# What to produce
Please repeat the records beneath this task exactly as they appear, but skip the images.

━━ Raw data ━━

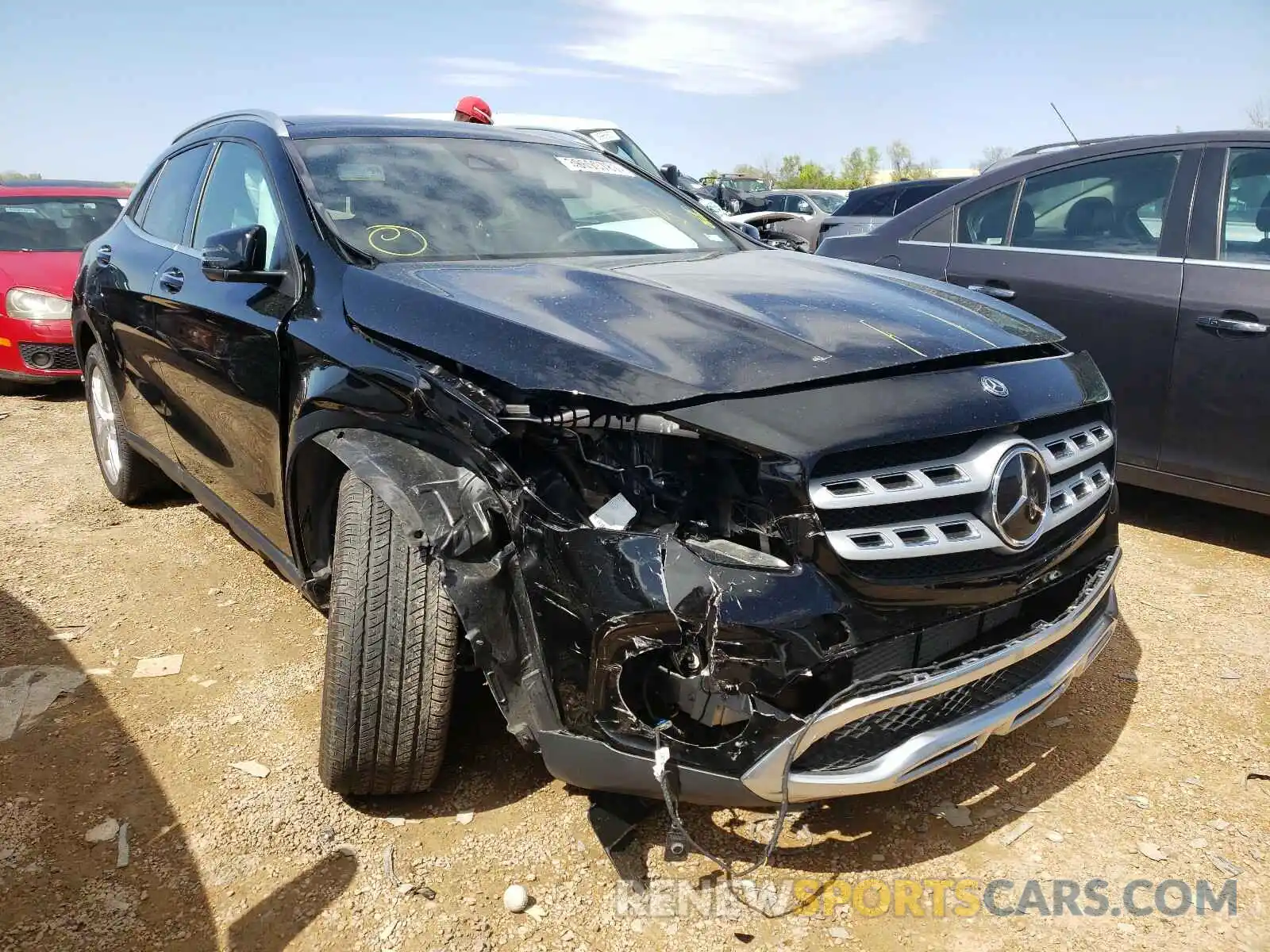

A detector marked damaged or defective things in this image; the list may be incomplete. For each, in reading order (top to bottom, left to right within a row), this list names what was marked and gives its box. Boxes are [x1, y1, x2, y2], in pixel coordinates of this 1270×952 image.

damaged front end [325, 347, 1122, 807]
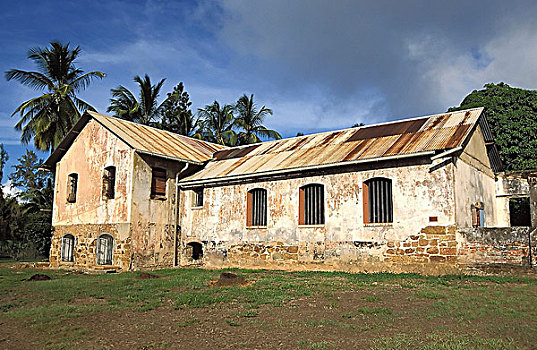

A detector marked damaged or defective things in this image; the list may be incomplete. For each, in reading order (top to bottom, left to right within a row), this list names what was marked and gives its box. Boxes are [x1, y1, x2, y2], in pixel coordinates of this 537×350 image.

rusty corrugated roof [43, 110, 225, 168]
rusty corrugated roof [181, 107, 486, 185]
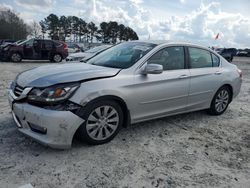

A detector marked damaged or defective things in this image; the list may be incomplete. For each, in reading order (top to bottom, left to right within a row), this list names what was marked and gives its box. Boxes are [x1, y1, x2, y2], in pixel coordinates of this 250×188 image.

broken headlight [27, 83, 79, 103]
damaged front bumper [7, 89, 85, 149]
exposed bumper damage [10, 100, 84, 149]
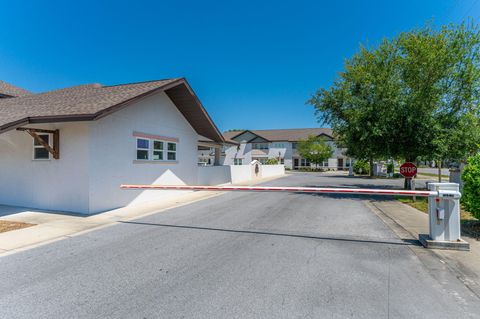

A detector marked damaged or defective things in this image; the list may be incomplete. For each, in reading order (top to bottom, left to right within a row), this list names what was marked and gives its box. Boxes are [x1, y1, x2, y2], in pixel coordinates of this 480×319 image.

asphalt crack seal line [364, 200, 480, 302]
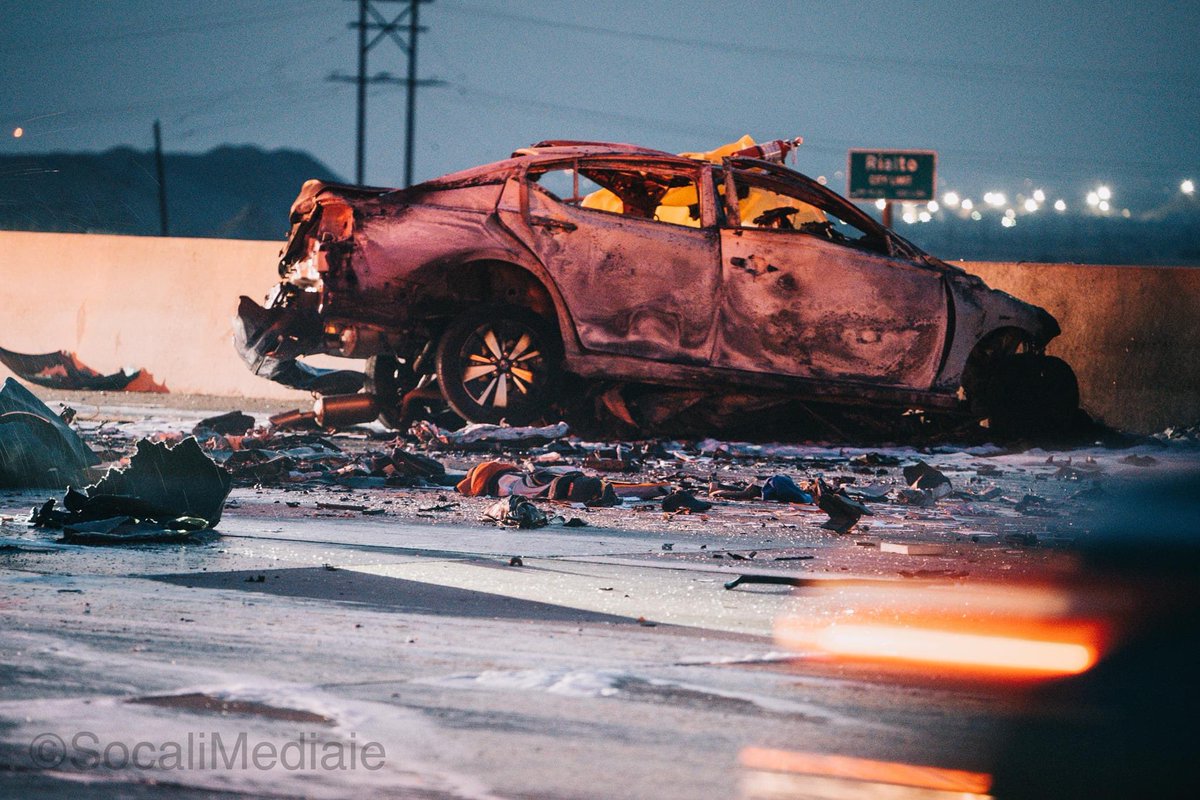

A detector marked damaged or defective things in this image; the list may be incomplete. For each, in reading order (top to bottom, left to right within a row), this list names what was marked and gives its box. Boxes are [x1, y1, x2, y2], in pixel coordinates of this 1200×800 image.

burned car wreck [234, 138, 1080, 438]
charred sedan [236, 140, 1080, 434]
charred debris piece [0, 345, 166, 393]
charred debris piece [0, 376, 99, 489]
charred debris piece [32, 438, 234, 544]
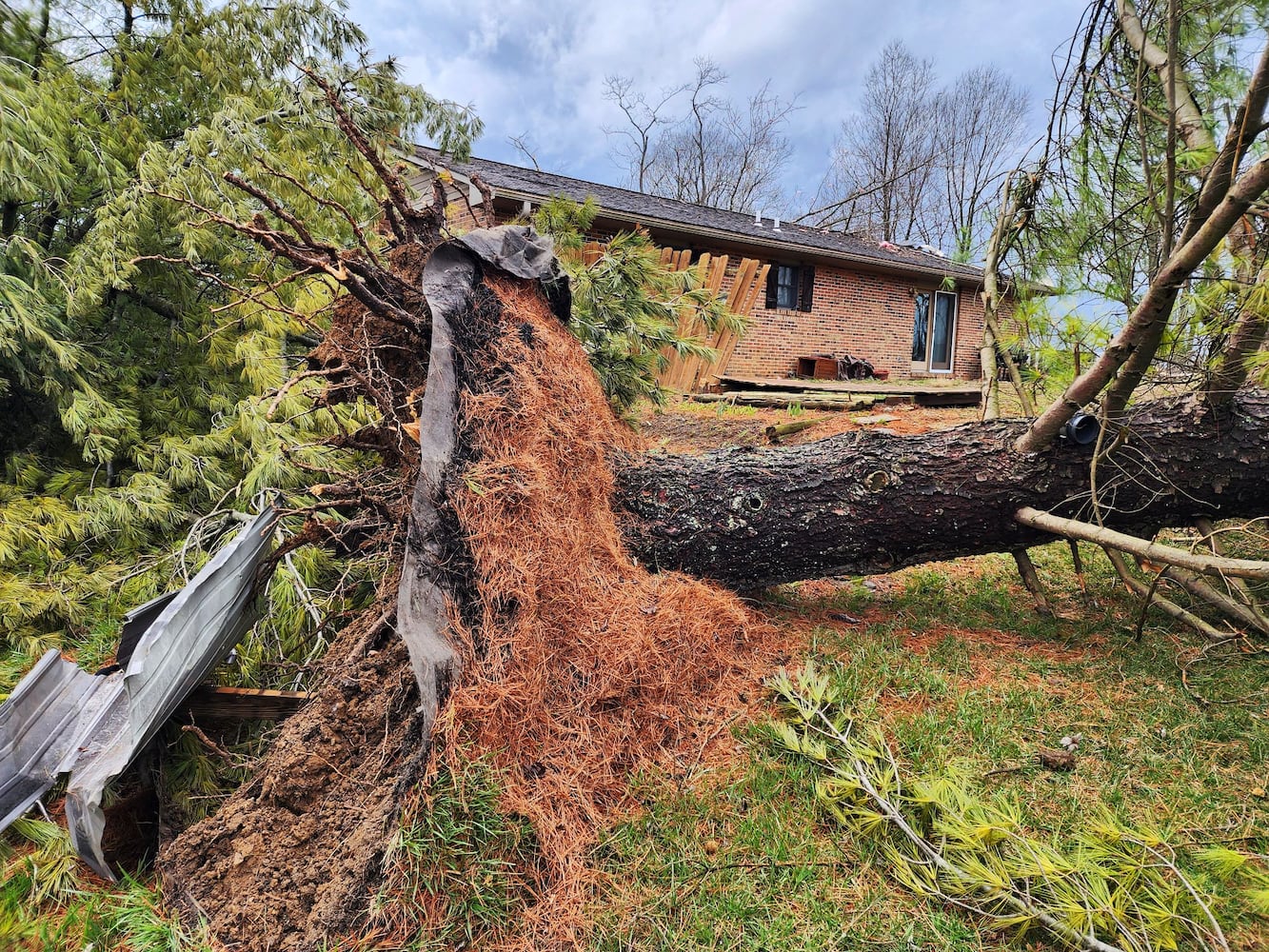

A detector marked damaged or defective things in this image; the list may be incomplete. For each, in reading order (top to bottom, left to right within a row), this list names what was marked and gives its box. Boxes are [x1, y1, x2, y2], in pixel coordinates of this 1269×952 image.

damaged roof [413, 145, 990, 284]
torn roofing material [0, 506, 278, 876]
broken wooden boards [0, 506, 278, 876]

━━━

# Answer
A detector marked damaged or defective things in this image; the list may be incomplete. For each, in reading order (top to bottom, left to right within a row), this list names what was marked and gives its box. Boxes are [x1, y1, x2, y2], in pixel coordinates of this 1270×952 image.

damaged front end [325, 347, 1122, 807]

A detector marked damaged or defective things in this image; the list may be incomplete. For each, in reading order (top to bottom, left to right within a row), this list names what was marked and gives its box. Boxes are [x1, y1, x2, y2], in pixel coordinates of this 537×350 image.

rusty corrugated roof [43, 110, 225, 168]
rusty corrugated roof [181, 107, 486, 185]

A detector marked damaged or defective things in this image; the list may be incomplete. For each, in reading order (top to bottom, left to right within a row), this list names what was marked and gives its box. Boxes are [x1, y1, x2, y2], in pixel coordinates of this 250×188 image.

broken headlight [27, 83, 79, 103]
damaged front bumper [7, 89, 85, 149]
exposed bumper damage [10, 100, 84, 149]

A detector marked damaged or defective things in this image; the list may be incomplete. For each, in reading order (top to bottom, left to right within a row), this list names what was marked and gives its box. Boxes are [x1, y1, x2, y2], in pixel coordinates of this 480×319 image.

asphalt crack seal line [364, 200, 480, 302]

A detector marked damaged or defective things in this image; the list may be incomplete. For each, in reading order (top to bottom, left to right within a row), this list names what was marked and gives its box. Boxes are [x1, y1, x2, y2], in pixel coordinates of this 1200×800 image.

burned car wreck [234, 138, 1080, 438]
charred sedan [236, 140, 1080, 434]
charred debris piece [0, 345, 166, 393]
charred debris piece [0, 376, 99, 489]
charred debris piece [32, 438, 234, 544]

A detector marked damaged or defective things in this image; the list may be incomplete. For each, in reading order (top to bottom, left to right within a row), this list names what was marked and gives its box. Boxes are [x1, y1, x2, y2], in pixel coordinates of this 1269×952 image.

damaged roof [413, 145, 990, 284]
torn roofing material [0, 506, 278, 876]
broken wooden boards [0, 506, 278, 876]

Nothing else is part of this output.